> _Data for analysis_:
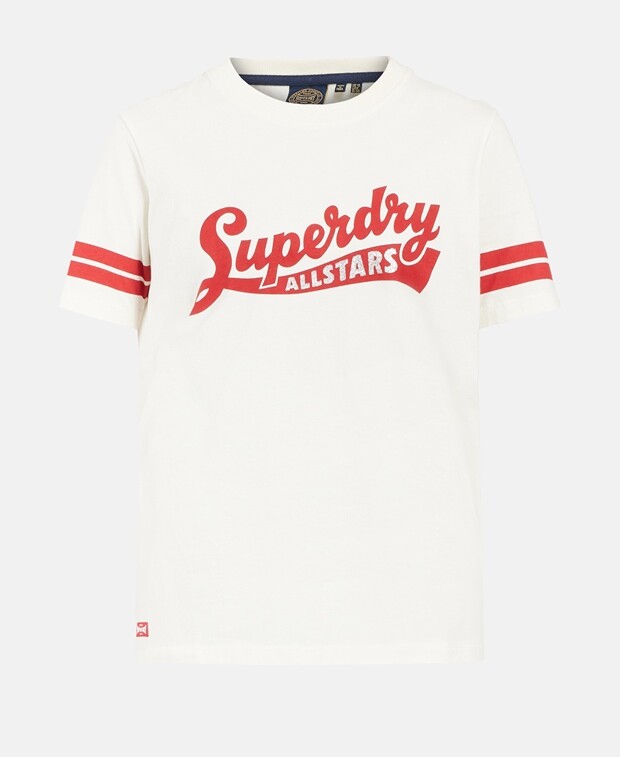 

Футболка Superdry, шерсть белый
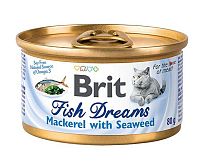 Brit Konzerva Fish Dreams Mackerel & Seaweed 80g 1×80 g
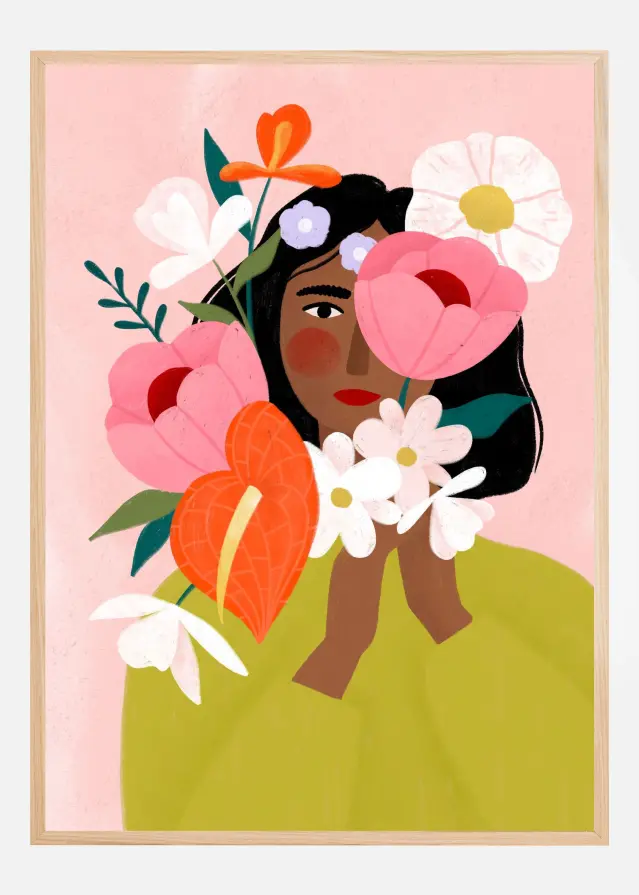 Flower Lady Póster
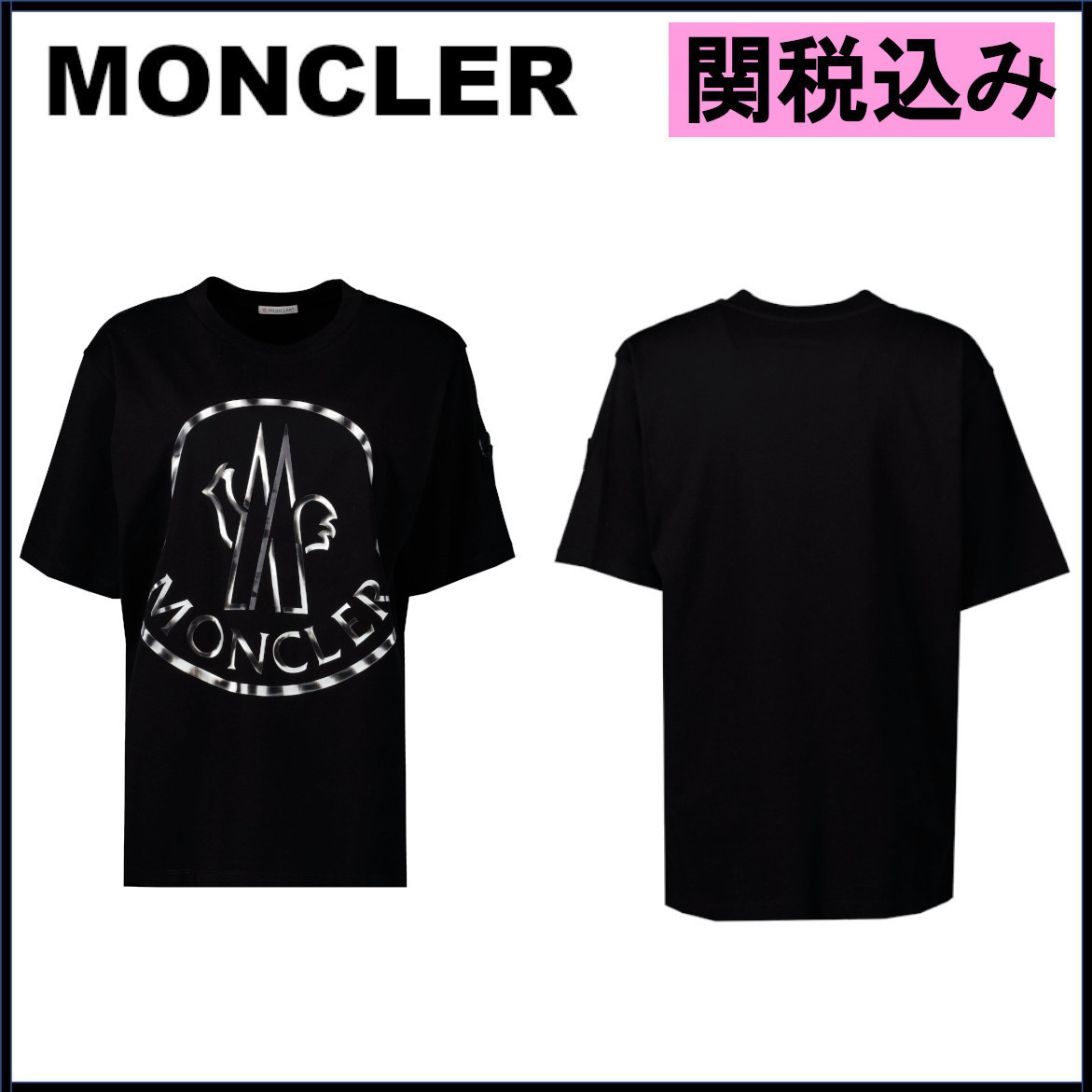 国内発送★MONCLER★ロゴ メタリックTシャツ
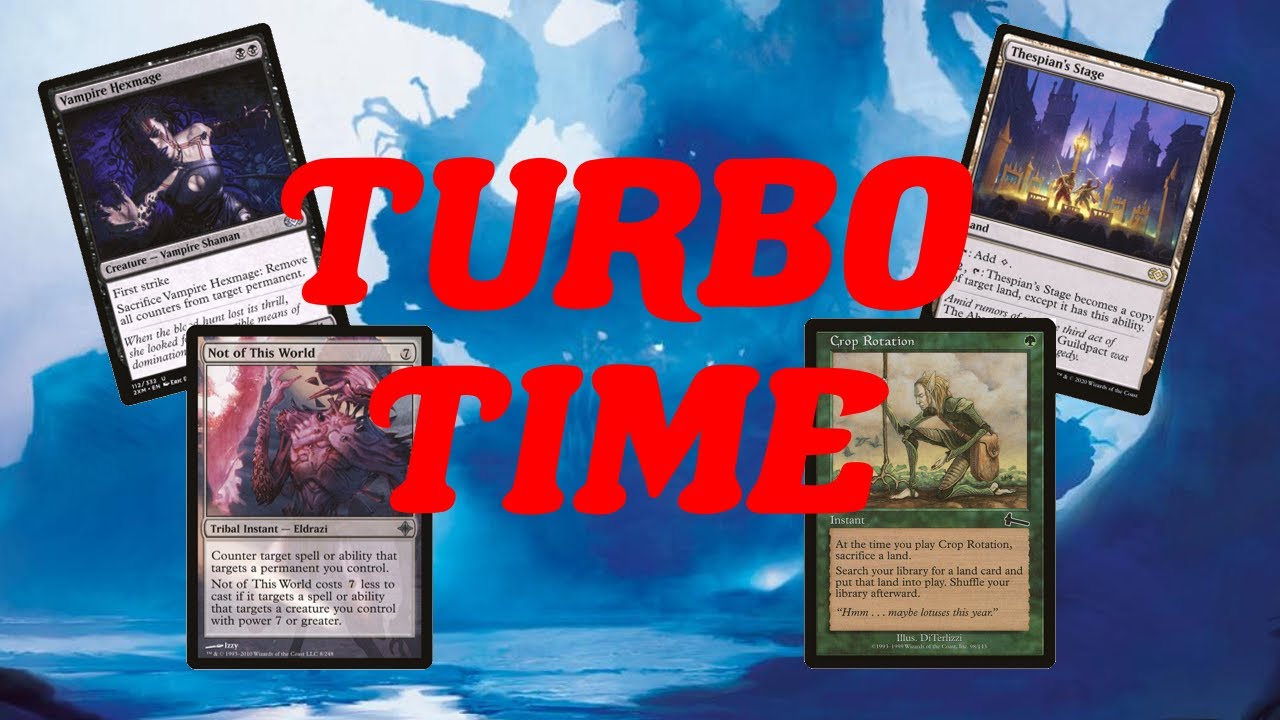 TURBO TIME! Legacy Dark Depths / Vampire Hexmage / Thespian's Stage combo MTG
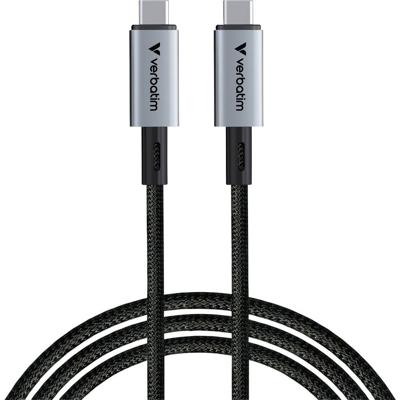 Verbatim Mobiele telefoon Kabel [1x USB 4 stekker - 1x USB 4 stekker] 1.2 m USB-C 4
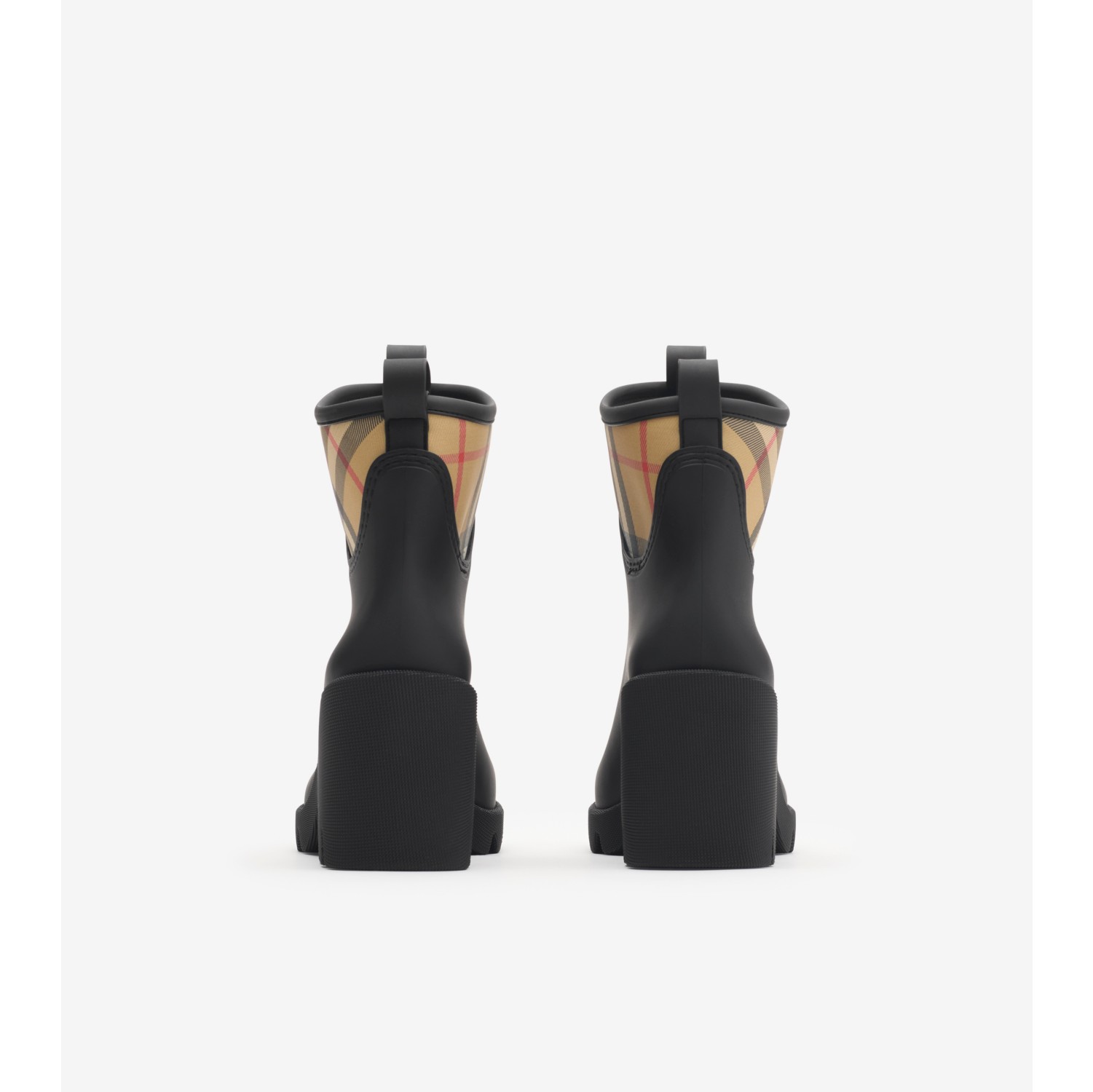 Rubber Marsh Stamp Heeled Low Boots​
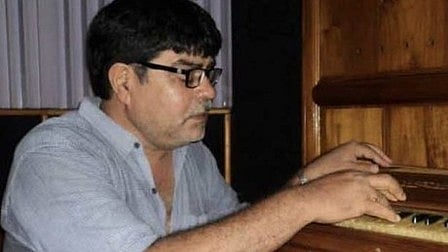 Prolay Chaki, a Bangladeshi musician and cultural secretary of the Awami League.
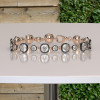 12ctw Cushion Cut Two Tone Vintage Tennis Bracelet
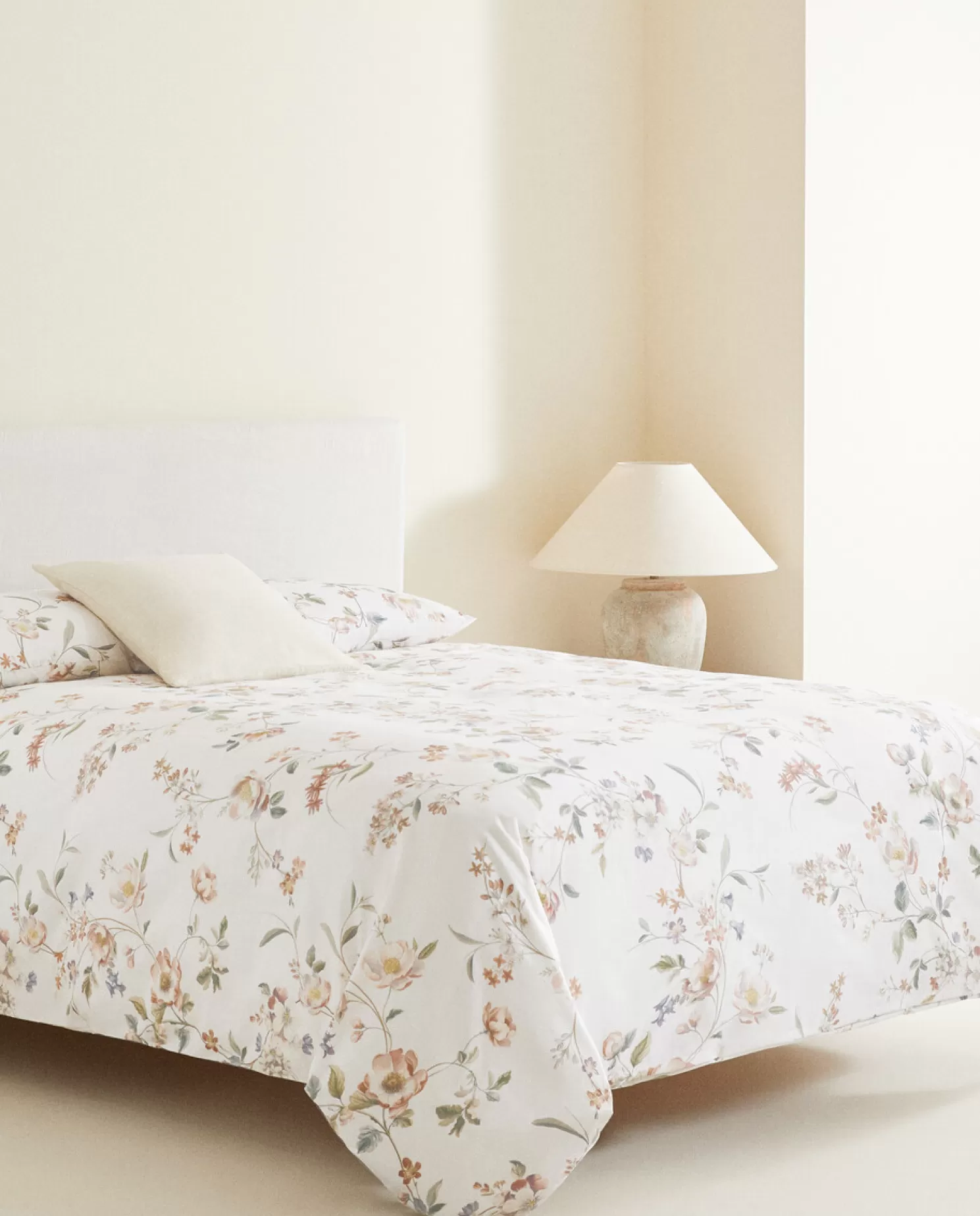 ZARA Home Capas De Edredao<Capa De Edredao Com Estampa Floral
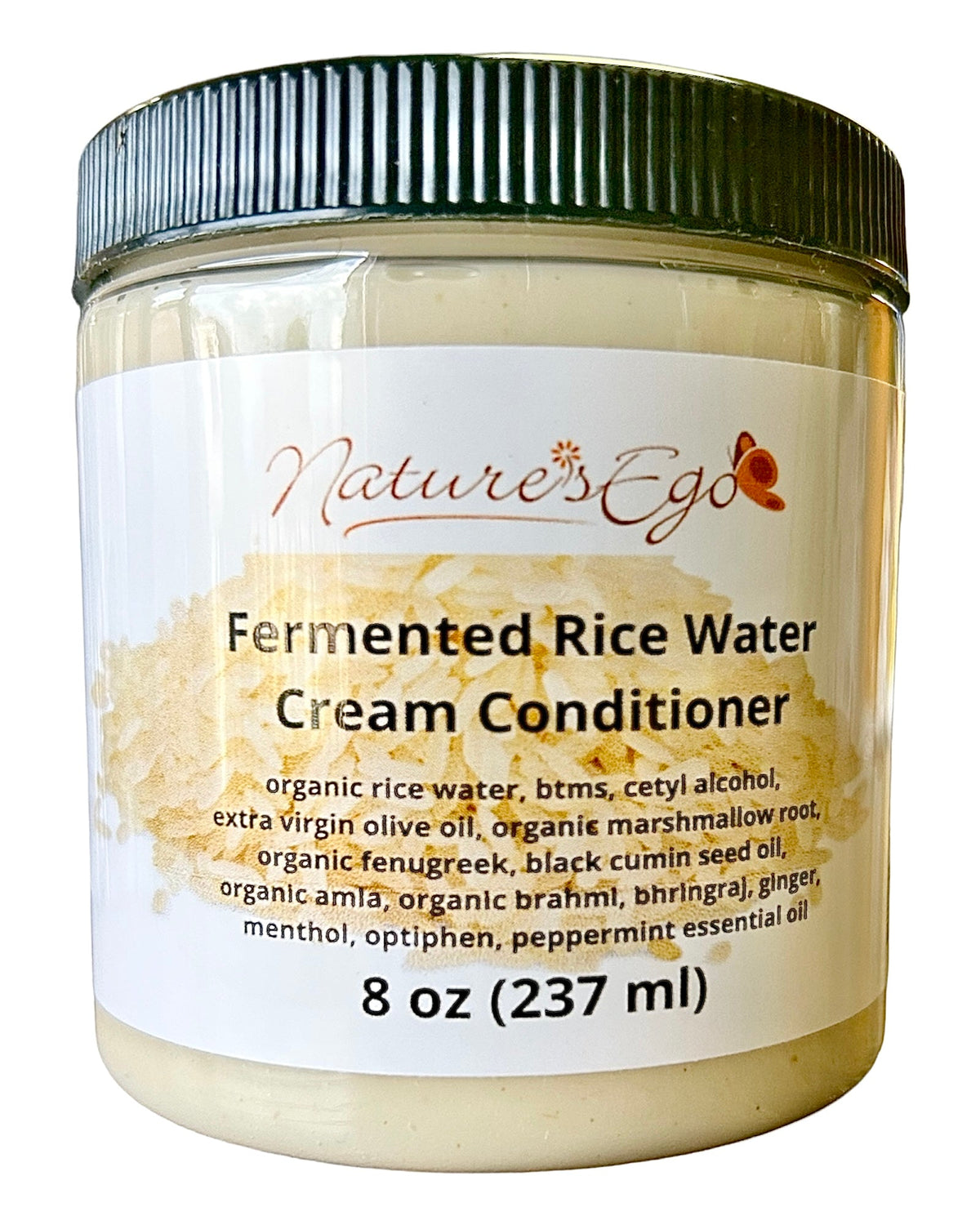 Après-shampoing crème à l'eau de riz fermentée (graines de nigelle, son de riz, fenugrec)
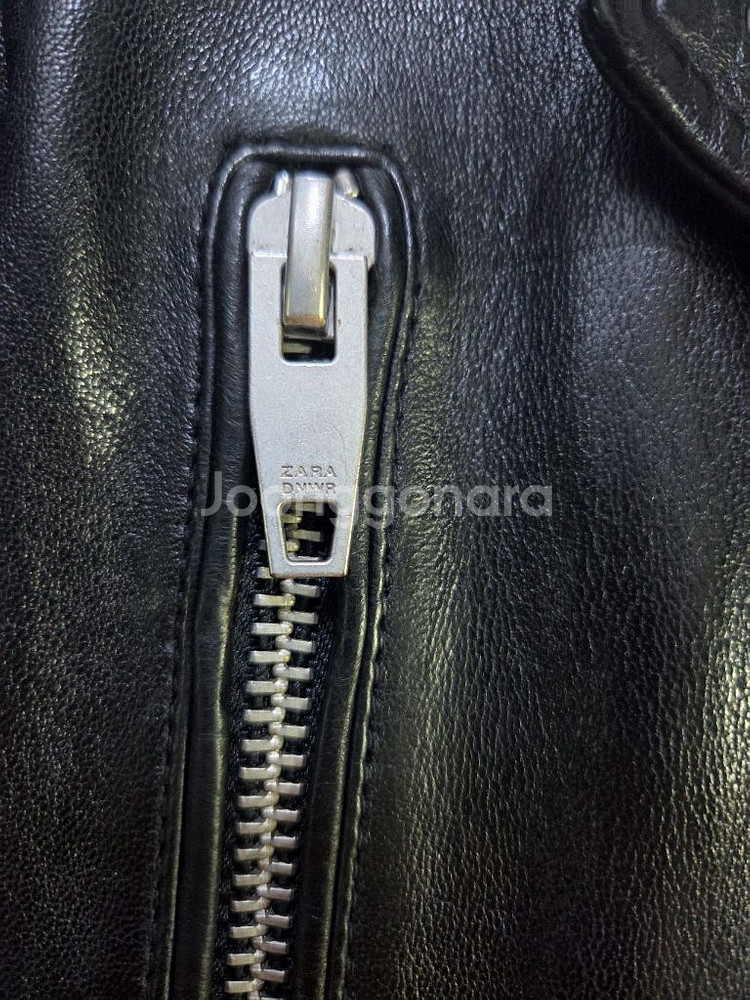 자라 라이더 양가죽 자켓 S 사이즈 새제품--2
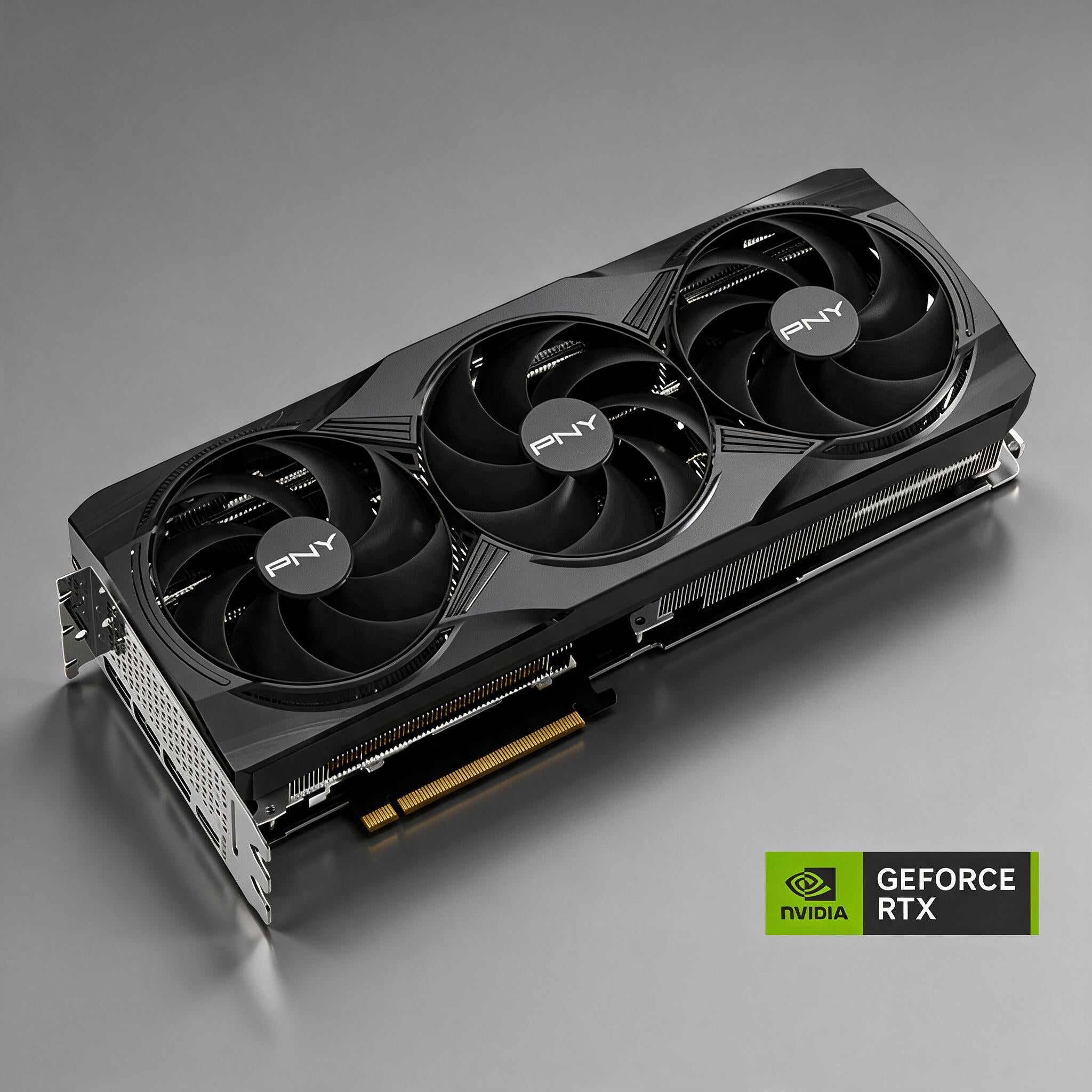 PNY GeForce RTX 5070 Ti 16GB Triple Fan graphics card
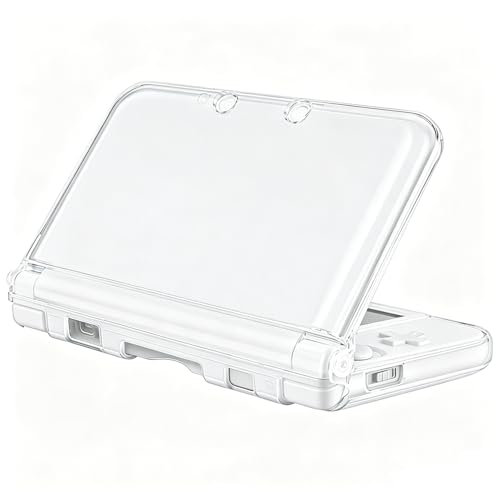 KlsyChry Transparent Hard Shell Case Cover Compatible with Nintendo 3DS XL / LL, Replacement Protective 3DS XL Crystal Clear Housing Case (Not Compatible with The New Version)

> _Task objective_: The expected response is every entry above, repeated exactly, pictures removed.

> _Answer section_:
Футболка Superdry, шерсть белый
 Brit Konzerva Fish Dreams Mackerel & Seaweed 80g 1×80 g
 Flower Lady Póster
 国内発送★MONCLER★ロゴ メタリックTシャツ
 TURBO TIME! Legacy Dark Depths / Vampire Hexmage / Thespian's Stage combo MTG
 Verbatim Mobiele telefoon Kabel [1x USB 4 stekker - 1x USB 4 stekker] 1.2 m USB-C 4
 Rubber Marsh Stamp Heeled Low Boots​
 Prolay Chaki, a Bangladeshi musician and cultural secretary of the Awami League.
 12ctw Cushion Cut Two Tone Vintage Tennis Bracelet
 ZARA Home Capas De Edredao<Capa De Edredao Com Estampa Floral
 Après-shampoing crème à l'eau de riz fermentée (graines de nigelle, son de riz, fenugrec)
 자라 라이더 양가죽 자켓 S 사이즈 새제품--2
 PNY GeForce RTX 5070 Ti 16GB Triple Fan graphics card
 KlsyChry Transparent Hard Shell Case Cover Compatible with Nintendo 3DS XL / LL, Replacement Protective 3DS XL Crystal Clear Housing Case (Not Compatible with The New Version)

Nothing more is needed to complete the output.